WELLINGTON, New Zealand - Strong westerly winds in the southern Pacific Ocean have driven scores of icebergs originally headed toward New Zealand to the east, away from the country, an oceanographer said Tuesday.

A shipping alert was sent out last week and maritime authorities have been monitoring the iceberg flotilla as it drifted north from Antarctica toward New Zealand's South Island.

"It looks like they've all disappeared east of New Zealand," oceanographer Mike Williams, with New Zealand's National Institute of Water and Atmospheric Research, told The Associated Press.

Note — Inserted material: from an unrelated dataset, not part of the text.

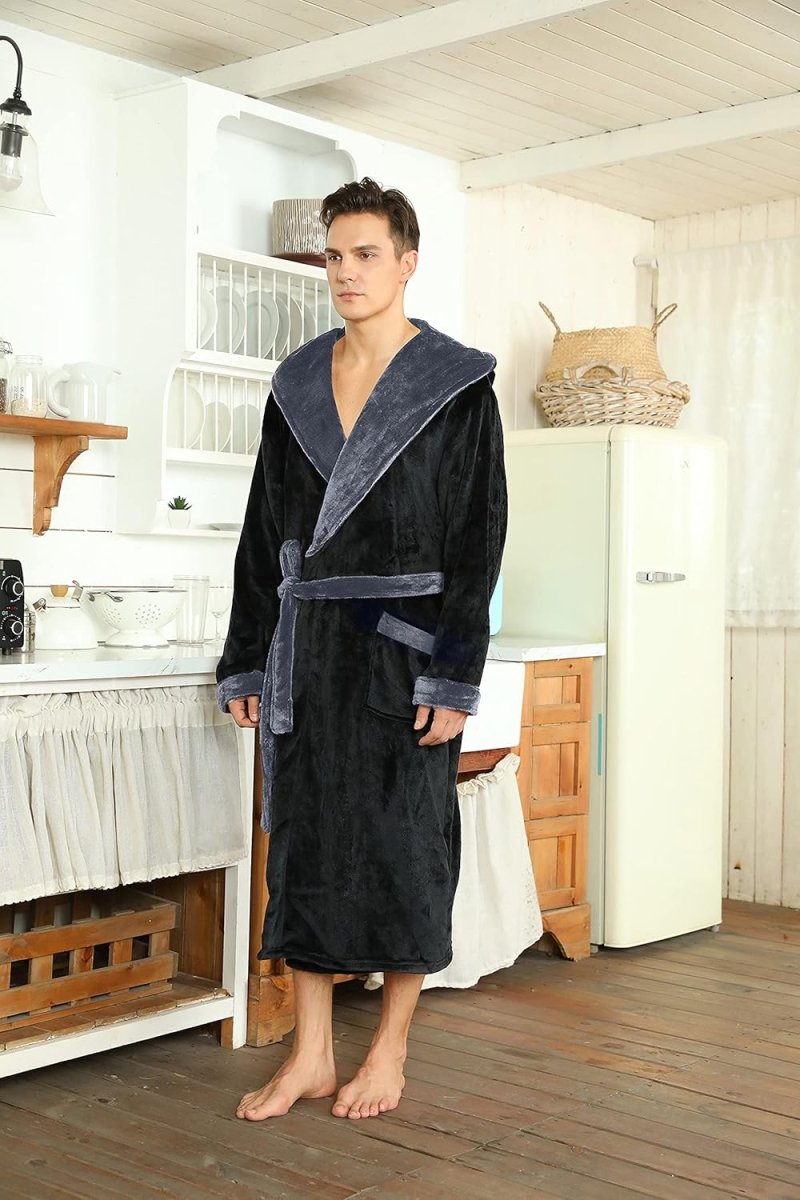 Men's Fleece Robe with Hood – Soft Two-Tone Hooded Bathrobe with Pockets & Belt, Machine Washable, S–3XL – Calico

He said it would be unlikely they would be seen anywhere near the coastline.

The nearest one, measuring about 330 to 660 feet (100 to 200 metres) long, was 160 miles (260 kilometres) southeast of New Zealand's Stewart Island a week ago.

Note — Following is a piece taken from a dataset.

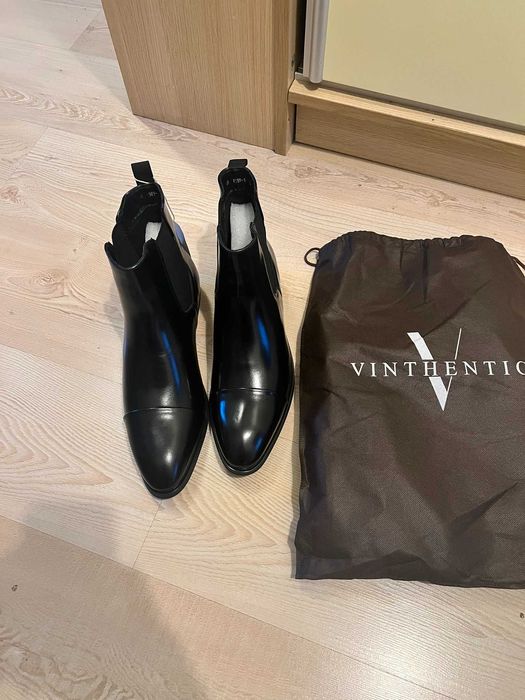 Продавам боти нови Annibale Carracci Leather Chelsea Boots (46)– Черни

Australian glaciologist Neal Young said satellite imaging shows no sign of any icebergs northeast of Auckland Islands, 250 miles (400 kilometres) south of New Zealand.

"If ice is there, it's below 500 feet (150 metres) in length," the smallest size detectable on satellite images, Young said.

Williams said melting and erosion by waves would have made many of the icebergs quite small by now, and that it was unlikely scientists will spot them again on satellite.

Large numbers of icebergs last floated close to New Zealand in 2006, when some were visible from the coastline -- the first such sighting since 1931.

Scientists say the current flotilla of icebergs likely split off Antarctica in 2000 when parts of two major ice shelves -- the Ross Sea Ice Shelf and Ronne Ice Shelf -- fractured. The Ross Sea Ice Shelf is the size of France and is also widely believed to be the origin of the 2006 icebergs.

Icebergs are routinely sloughed off as part of the natural development of ice shelves.

The latest appearance of the bergs in waters south of New Zealand depends as much on weather patterns and ocean currents as on the rate at which icebergs are calving off Antarctic ice shelves.

Rodney Russ, expedition leader on board the Spirit of Enderby eco-tourism vessel east of New Zealand, said they had earlier spotted two big icebergs north of Macquarie Island and also sighted two fishing boats working south of Auckland Islands.

"Traffic in this part of the world is pretty light at all times of the year. We're probably one of the only vessels that ply this area regularly," he told The AP in a telephone interview.

While the vessel has a fully ice-strengthened hull, it has up to three sailors on permanent watch in iceberg-affected ocean, a constant radar scanning and also uses powerful searchlights during the short, six- to seven-hour nights, he noted.

"It would be a foolhardy captain who would come down here and not step up the (iceberg) watch and increase the lookouts," Russ said.